• Entries supplied:
******************************

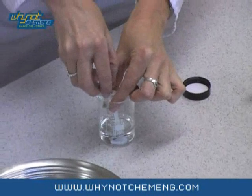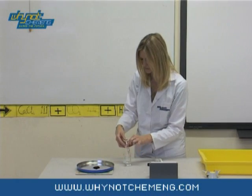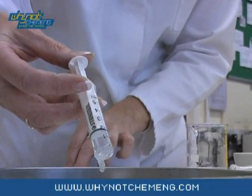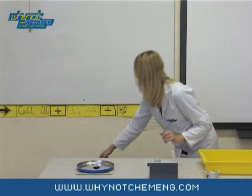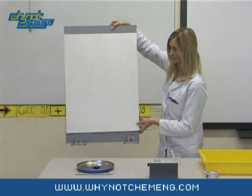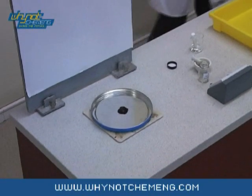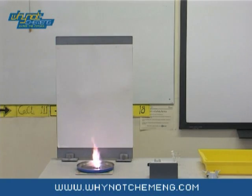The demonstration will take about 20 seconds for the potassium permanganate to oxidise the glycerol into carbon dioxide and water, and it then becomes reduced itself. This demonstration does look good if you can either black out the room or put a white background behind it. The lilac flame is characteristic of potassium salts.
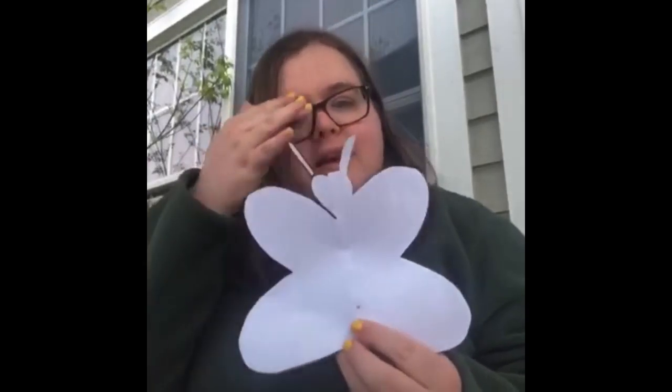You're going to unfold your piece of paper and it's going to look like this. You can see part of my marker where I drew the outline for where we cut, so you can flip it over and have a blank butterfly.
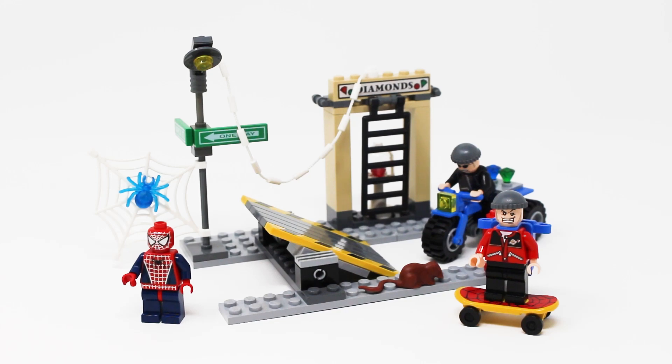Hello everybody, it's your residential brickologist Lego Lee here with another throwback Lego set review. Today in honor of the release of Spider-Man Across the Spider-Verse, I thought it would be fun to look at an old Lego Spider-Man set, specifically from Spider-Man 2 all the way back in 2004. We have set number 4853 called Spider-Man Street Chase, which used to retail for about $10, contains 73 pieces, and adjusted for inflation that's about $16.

******************************

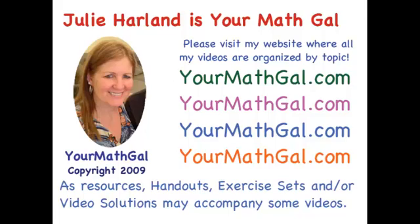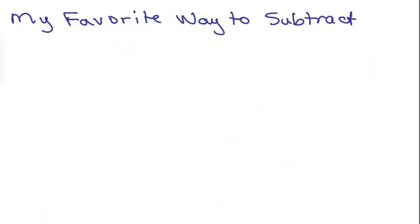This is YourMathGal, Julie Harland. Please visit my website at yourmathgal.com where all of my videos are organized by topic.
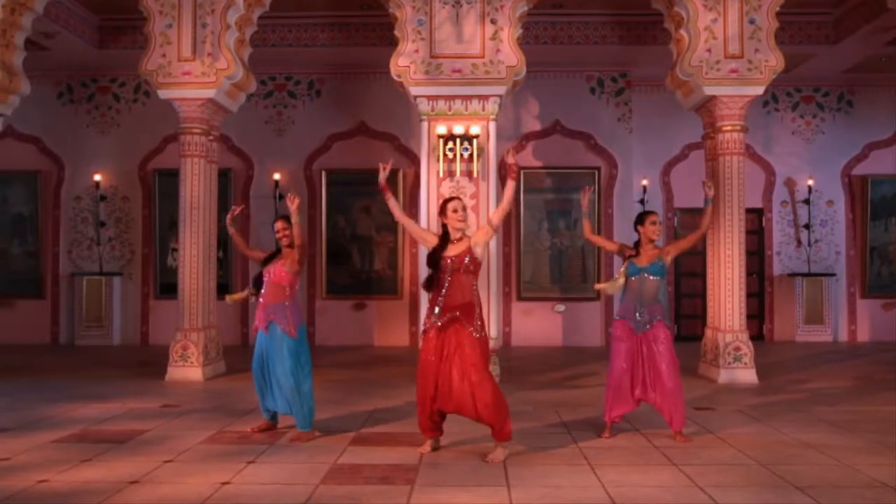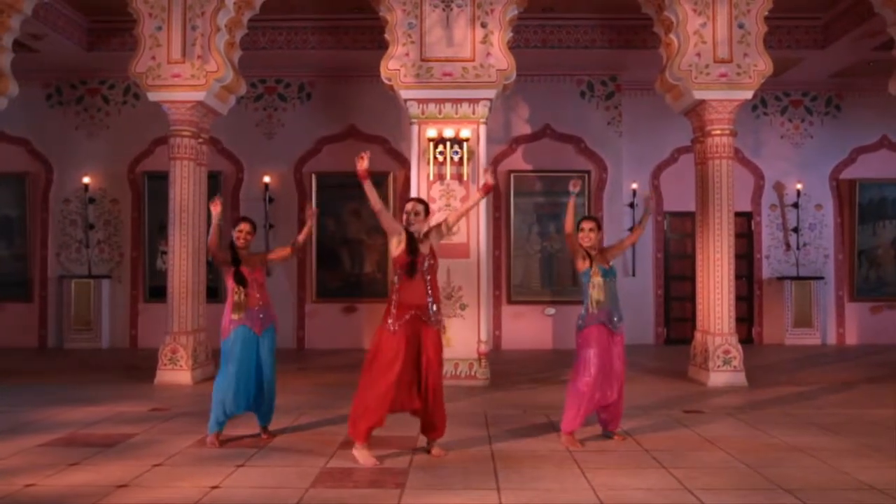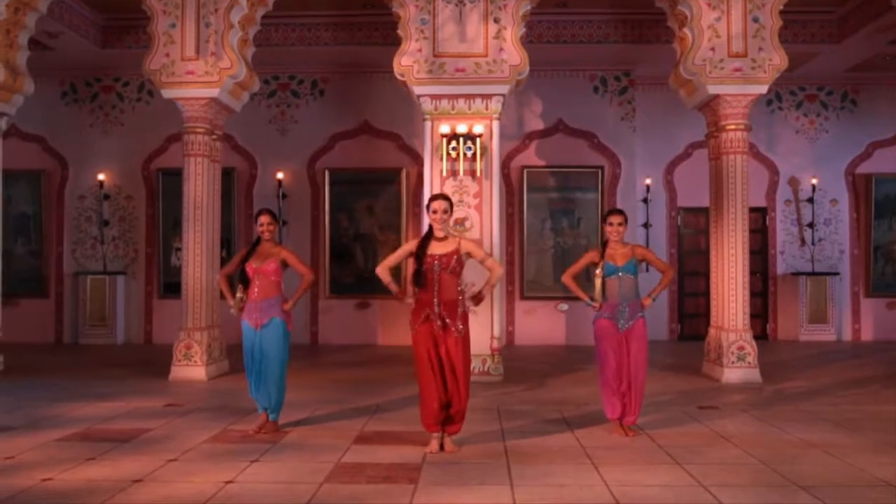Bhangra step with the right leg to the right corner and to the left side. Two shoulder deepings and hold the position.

******************************

• Exercise details: Please copy out from the data above, without any picture, exactly the lines running from the one that holds "This is YourMathGal, Julie" through the one that holds "Bhangra step with", and nothing beyond them.

• Solution:
This is YourMathGal, Julie Harland. Please visit my website at yourmathgal.com where all of my videos are organized by topic.
Bhangra step with the right leg to the right corner and to the left side. Two shoulder deepings and hold the position.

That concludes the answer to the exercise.